多くの人間が密接に存在する中、そんな中を進んでいくのは常人にはそう容易なことでは無いのだが……しかし俺達は普段の帝都での経験を生かすことで、人々の間を上手くすり抜けてゆく。
「でも、やっぱり慣れない……」
まあ、俺は元々人混みがそこまで好きでは無いので、精神的にどこか圧迫される感じは多少あったが。
そしてその後も、レイラの後ろをつきそうと言った形で彼女と共に歩いていく。
そのようにしておそらくは時間にして数十分ほど歩いていると……位置としてはイランダルの中央部分から、少し手前の所にギルドと同じ……いや、それ以上の巨大は建物が見えてきた。
「ん……来て」
レイラは表情を変えずに、そう呟いて歩く。
遠目からではあるが、レイラの実家が見えてきた……こうなればあとはもう簡単だろう。
目的地目掛けて、一直線に歩けば良いのだから。
加えて十分ほど歩いただろうか……俺達はようやく、どこか古風的な和を感じさせる、その建物の前へと到着する。

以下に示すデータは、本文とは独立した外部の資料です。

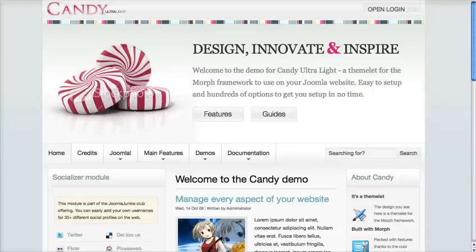Hi, this is Andy from Prothema and JoomlaJunkie.com. Thanks for joining me on the screencast. I'm going to show you how to set a specific sidebar layout scheme on a particular page using Morph and Joomla.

その周りは、とても立派な鋼鉄性の多くの曲線をえがいている塀……いや、ただの塀ではなく侵入者対策の網塀が存在していた。
そのようなバリケード一つにとんでもない程の金額が用いられているのだ……その中央に位置するレイラの実家自体は、最早言うまでもないだろう。
「ここが……」
俺は見上げながら、無意識的に一人げに呟く。
こうして俺は大都市イランダルを統治する……そして、レイラの父親であるイーグリア侯爵の下へと到着したのであった。